This file is in the following format.
GGRPW,33332211,kr,P,SUCCESS,systemrenewal,REN,RAMS,SAA,0080527763,on:X,10.0,N,20120419,migr
GBRPW,1232221,uw,P,SUCCESS,systemrenewal,REN,RAMS,ASD,20075578623,on:X,1.0,N,20120419,migr
GLSH,21122111,uw,P,SUCCESS,systemrenewal,REN,RAMS,ASA,0264993503,on:X,10.0,N,20120419,migr
I need to take out duplicates and count (each duplicate is classified by f1,2,5,14). Then insert the first records of duplicate records of all integer fields into the database and mark the counter (dups) in another column. To do this, I need to cut out all 4 mentioned fields and sort them and find duplicates using uniq -d and for the counters I used -c. Now we come back again after all sorting from duplexes, and he believes that the result should be in the form below.

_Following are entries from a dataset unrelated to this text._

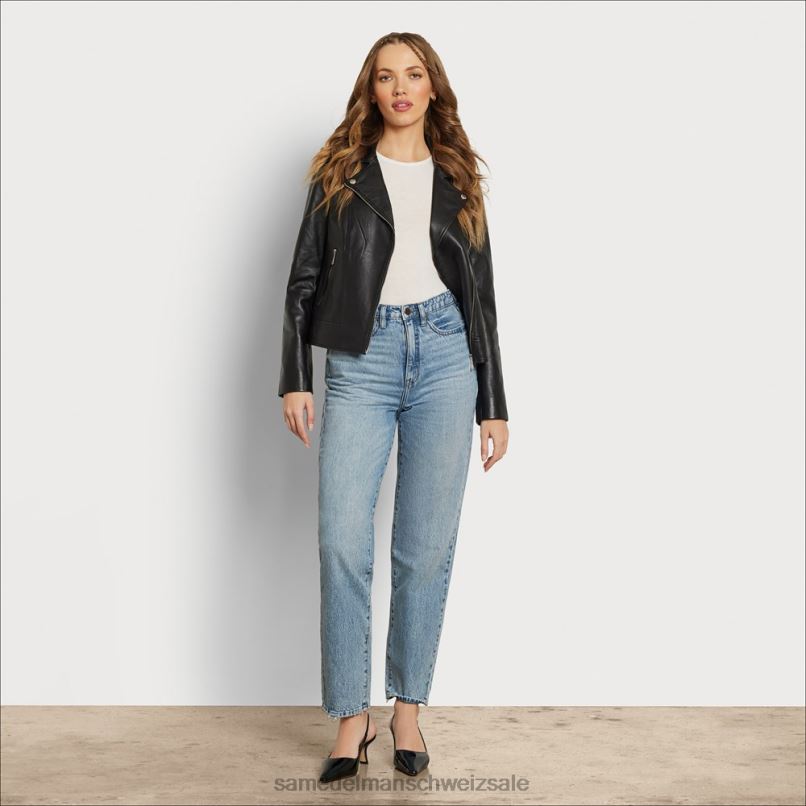 CH Sam Edelman Frauen Yaro-90er-Jahre-Hose mit hohem Bund Ozeanantrieb X2J861200 Bekleidung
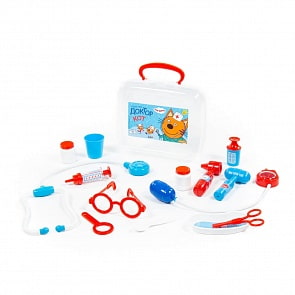 Набор доктора в чемоданчике - Три кота (Полесье, п-65346) (ассортимент)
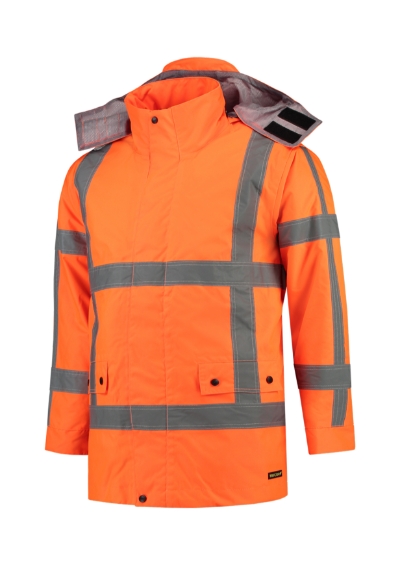 TRICORP Munkakabát unisex fluoreszkáló narancssárga 2XL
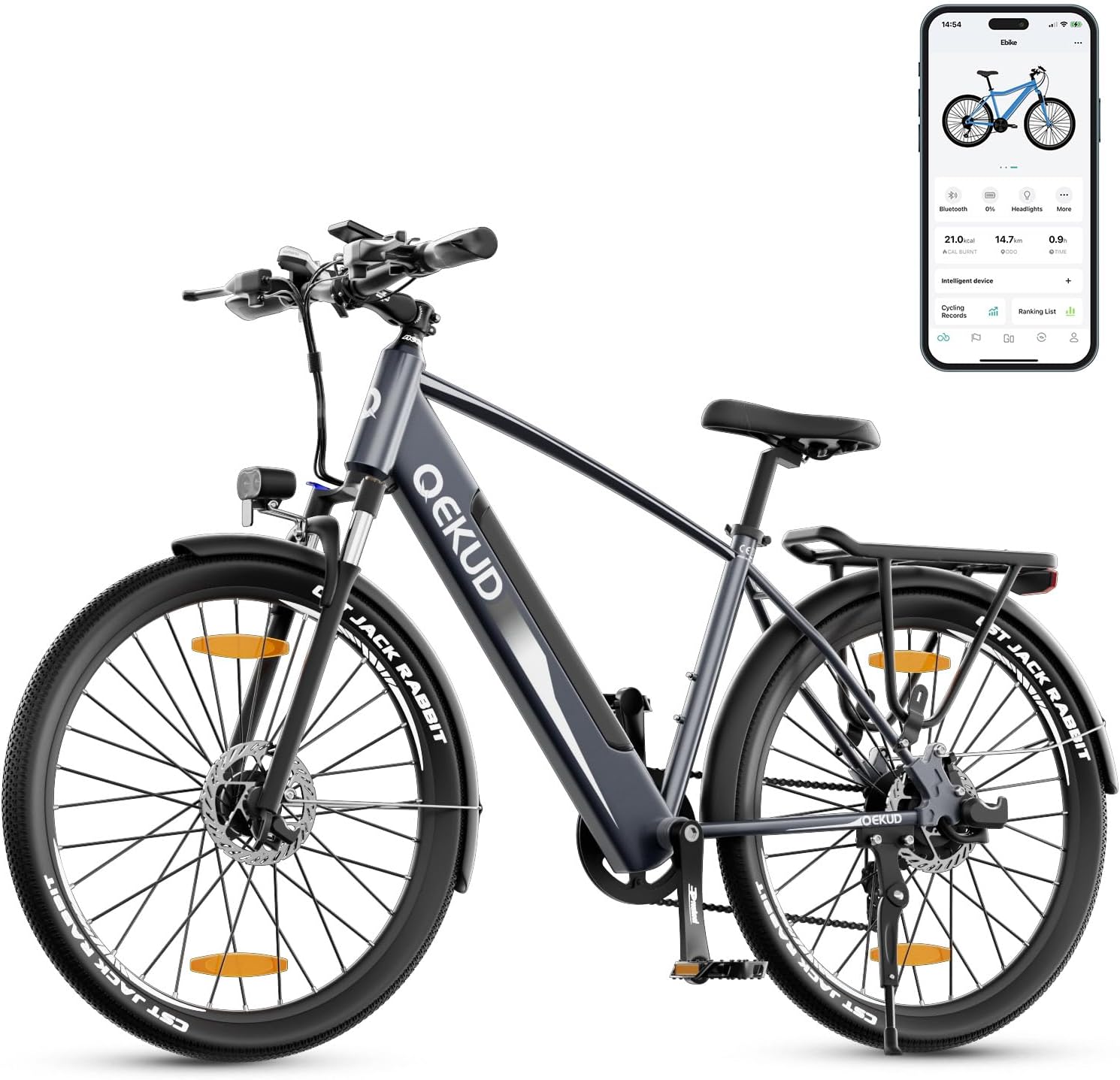 E-Bike Damen/Herren, 26 Zoll/27.5 Zoll Elektrofahrrad, mit 36V 13Ah Li-Ion Akku, 250W Motor, Reichweite bis zu 100KM im Hybrid Modell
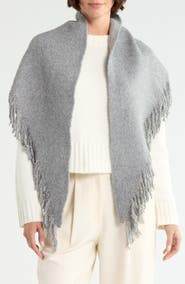 Steve Madden Marled Fringe Triangle Scarf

3,GLSH,21122111,uw,P,SUCCESS,systemrenewal,REN,RAMS,ASA,0264993503,on:X,10.0,N,20120419,migr
While three are the number of repeated duplicates for f1,2,5,14, and the remaining fields can be from any of the dup strings.
Thus, duplicates must be removed from the source file and shown in the above format. And those remaining in the source file will be uniq, they go as they are ...
What I've done...
awk '{printf("%5d,%s\n", NR,$0)}' renewstatus_2012-04-19.txt > n_renewstatus_2012-04-19.txt
cut -d',' -f2,3,6,15 n_renewstatus_2012-04-19.txt |sort | uniq -d -c
but to get lines for duplets, you need to go back to the original file again ...
Let me not be confused .. for this I need a different point of view .. and my brain clings to my approach .. I need a cigar .. Any thots ... ??